To stream/ingest data automatically from an AWS S3 bucket into Snowflake using native functionality, Snowpipe is likely the solution you’re seeking. We do have two related posts you can explore for related content:
- Configuring Storage Integrations Between Snowflake and AWS S3
- Automated Ingestion from Azure Storage into Snowflake via Snowpipe
This post, however, covers an example of a scenario where machinery/sensor or weather data is constantly generated and for example preventive maintenance can be implemented on top.
Flow Diagram
This diagram gives an illustration of the flow involved in a Snowpipe connection between Snowflake and AWS, utilizing both storage (C) and notification (H) integrations.
The following outline the connections between the components used for the automated ingestion.
- The data flows from the source into an S3 bucket. Multiple sources can be utilised, as well.
- An IAM role with a policy providing the permissions to List/Read/Write from the S3 bucket is used.

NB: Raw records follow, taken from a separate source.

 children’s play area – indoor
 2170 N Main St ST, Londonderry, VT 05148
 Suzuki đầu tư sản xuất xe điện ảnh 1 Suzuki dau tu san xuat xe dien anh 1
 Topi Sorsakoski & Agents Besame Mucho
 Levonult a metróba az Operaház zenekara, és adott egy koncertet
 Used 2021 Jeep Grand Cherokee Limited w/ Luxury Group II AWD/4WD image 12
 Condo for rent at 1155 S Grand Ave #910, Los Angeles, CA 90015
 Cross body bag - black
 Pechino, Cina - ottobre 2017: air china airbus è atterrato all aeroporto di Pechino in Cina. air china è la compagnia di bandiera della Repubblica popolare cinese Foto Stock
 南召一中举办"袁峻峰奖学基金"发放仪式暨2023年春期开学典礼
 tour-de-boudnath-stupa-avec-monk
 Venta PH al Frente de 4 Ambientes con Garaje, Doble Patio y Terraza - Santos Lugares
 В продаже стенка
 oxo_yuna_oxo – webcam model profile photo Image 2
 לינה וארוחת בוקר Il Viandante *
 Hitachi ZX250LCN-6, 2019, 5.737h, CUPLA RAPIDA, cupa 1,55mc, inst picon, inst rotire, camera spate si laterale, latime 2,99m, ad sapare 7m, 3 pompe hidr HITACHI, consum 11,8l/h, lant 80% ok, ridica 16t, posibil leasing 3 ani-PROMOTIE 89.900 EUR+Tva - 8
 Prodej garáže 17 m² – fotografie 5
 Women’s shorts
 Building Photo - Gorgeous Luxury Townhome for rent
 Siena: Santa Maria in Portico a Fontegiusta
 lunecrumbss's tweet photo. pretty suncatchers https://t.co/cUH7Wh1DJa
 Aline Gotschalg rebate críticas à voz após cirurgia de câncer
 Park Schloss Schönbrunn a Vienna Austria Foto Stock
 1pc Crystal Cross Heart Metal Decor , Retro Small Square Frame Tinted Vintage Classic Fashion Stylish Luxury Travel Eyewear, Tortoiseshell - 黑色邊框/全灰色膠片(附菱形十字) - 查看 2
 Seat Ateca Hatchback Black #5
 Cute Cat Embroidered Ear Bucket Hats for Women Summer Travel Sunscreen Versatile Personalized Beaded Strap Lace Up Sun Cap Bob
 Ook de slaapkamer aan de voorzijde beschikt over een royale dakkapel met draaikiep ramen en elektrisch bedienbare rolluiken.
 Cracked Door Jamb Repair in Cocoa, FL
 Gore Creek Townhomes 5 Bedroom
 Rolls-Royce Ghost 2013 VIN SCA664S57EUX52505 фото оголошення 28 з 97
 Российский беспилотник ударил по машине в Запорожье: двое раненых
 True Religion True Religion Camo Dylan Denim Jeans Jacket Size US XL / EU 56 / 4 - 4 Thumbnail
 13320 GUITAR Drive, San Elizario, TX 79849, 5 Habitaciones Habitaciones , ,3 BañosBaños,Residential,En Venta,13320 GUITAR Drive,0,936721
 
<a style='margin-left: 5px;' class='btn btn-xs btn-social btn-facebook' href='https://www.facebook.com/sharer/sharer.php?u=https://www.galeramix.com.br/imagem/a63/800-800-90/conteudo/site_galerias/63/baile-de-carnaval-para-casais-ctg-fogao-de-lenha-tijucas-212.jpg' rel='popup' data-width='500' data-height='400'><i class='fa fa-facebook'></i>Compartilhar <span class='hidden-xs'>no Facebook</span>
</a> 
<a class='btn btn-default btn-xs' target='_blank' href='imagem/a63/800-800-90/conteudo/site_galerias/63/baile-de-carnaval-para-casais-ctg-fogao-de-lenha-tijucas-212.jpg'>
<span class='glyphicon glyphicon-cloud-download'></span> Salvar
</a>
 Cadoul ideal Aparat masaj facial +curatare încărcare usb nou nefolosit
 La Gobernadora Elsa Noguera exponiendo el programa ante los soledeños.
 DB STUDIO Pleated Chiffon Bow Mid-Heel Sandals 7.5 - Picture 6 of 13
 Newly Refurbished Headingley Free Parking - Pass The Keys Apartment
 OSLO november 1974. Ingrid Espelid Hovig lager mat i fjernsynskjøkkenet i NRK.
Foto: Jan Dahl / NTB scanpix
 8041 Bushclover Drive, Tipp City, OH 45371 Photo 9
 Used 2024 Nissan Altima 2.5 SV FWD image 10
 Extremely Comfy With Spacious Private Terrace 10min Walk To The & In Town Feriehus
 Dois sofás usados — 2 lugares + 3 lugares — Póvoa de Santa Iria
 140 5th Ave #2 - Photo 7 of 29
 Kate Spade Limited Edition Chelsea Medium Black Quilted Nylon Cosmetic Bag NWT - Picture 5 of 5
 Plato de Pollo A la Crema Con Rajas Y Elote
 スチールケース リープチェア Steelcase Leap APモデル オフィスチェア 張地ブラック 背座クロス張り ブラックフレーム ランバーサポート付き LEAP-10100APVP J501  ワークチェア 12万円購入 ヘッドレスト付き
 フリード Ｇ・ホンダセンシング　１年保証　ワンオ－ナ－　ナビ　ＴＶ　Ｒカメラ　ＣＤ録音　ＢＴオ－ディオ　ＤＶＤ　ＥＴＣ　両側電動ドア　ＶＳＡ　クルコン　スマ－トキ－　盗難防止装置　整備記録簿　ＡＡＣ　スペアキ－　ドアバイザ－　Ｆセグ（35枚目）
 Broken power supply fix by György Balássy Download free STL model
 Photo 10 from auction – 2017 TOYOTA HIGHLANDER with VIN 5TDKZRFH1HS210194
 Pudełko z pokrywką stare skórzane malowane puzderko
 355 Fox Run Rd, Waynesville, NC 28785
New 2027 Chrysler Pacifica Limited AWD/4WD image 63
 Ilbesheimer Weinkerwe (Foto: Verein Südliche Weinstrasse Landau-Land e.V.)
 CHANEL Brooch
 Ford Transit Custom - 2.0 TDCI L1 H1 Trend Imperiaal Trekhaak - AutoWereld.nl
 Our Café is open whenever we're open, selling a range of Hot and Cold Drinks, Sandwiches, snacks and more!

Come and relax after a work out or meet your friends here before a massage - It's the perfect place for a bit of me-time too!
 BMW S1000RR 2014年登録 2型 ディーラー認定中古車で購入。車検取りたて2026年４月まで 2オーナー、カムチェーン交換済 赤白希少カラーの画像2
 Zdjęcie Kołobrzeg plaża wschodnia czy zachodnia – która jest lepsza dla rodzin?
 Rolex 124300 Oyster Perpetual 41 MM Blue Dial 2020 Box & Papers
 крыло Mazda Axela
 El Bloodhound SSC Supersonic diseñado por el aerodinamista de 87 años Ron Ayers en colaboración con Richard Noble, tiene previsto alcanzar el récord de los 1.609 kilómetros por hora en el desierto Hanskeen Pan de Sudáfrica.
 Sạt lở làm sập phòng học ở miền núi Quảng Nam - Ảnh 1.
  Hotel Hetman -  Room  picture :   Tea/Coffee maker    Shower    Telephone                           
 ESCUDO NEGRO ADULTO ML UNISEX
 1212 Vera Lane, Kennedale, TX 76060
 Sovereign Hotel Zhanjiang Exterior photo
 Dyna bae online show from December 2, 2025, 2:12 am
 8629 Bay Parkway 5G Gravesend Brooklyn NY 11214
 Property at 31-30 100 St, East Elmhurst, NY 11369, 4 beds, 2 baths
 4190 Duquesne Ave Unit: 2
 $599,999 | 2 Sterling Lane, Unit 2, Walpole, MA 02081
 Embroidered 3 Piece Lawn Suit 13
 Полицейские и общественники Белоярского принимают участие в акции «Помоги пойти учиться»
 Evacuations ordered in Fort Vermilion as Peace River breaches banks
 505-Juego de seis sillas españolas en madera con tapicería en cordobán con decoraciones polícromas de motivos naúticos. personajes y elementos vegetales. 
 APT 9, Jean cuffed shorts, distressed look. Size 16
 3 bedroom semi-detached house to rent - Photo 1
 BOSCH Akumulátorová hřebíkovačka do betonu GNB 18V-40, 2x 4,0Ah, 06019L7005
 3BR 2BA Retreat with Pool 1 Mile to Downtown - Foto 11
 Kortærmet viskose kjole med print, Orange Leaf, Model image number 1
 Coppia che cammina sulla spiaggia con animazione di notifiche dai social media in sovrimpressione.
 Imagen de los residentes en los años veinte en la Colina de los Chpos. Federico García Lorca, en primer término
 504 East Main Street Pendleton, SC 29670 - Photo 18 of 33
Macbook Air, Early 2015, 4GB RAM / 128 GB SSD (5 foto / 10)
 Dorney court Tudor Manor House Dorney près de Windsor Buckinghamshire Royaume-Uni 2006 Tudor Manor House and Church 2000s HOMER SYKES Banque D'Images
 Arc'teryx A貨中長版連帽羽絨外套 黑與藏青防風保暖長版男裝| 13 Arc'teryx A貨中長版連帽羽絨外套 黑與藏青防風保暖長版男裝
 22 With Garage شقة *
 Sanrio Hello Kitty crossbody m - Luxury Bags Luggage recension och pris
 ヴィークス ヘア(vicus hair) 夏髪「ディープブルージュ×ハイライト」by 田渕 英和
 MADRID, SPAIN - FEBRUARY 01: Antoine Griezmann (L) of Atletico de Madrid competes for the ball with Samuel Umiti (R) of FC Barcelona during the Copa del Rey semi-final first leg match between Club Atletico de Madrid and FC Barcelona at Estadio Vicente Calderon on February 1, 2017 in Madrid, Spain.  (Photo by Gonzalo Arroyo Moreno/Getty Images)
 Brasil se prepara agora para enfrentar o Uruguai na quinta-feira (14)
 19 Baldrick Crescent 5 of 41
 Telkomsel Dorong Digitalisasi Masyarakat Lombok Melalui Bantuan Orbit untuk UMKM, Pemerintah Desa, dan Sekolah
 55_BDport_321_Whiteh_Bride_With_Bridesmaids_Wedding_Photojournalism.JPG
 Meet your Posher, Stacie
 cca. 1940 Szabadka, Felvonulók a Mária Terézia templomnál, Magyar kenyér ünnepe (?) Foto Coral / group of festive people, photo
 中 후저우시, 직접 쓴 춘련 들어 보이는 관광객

- The connection between the IAM role and the storage integration is established using:
- role ARN
- IAM_USER_ARN and the External_ID specified by the storage integration
- A Snowflake external stage can be created using the storage integration name, which allows access to the data in the S3 bucket through the IAM role.
- The Snowpipe uses the external stage to copy the data into a snowflake table.
- The Snowpipe is notified when new data arrives in the S3 bucket through the notification path.
Requirements
This article assumes that the following objects are already configured:
- An AWS S3 bucket
- A Snowflake user with ACCOUNTADMIN role or another role with granted CREATE INTEGRATION privileges
- A Snowflake table with a column of type VARIANT
Step 1: Configure a Storage Integrations Between Snowflake and AWS S3
This step is covered in another blog post: Configuring Storage Integrations Between Snowflake and AWS S3.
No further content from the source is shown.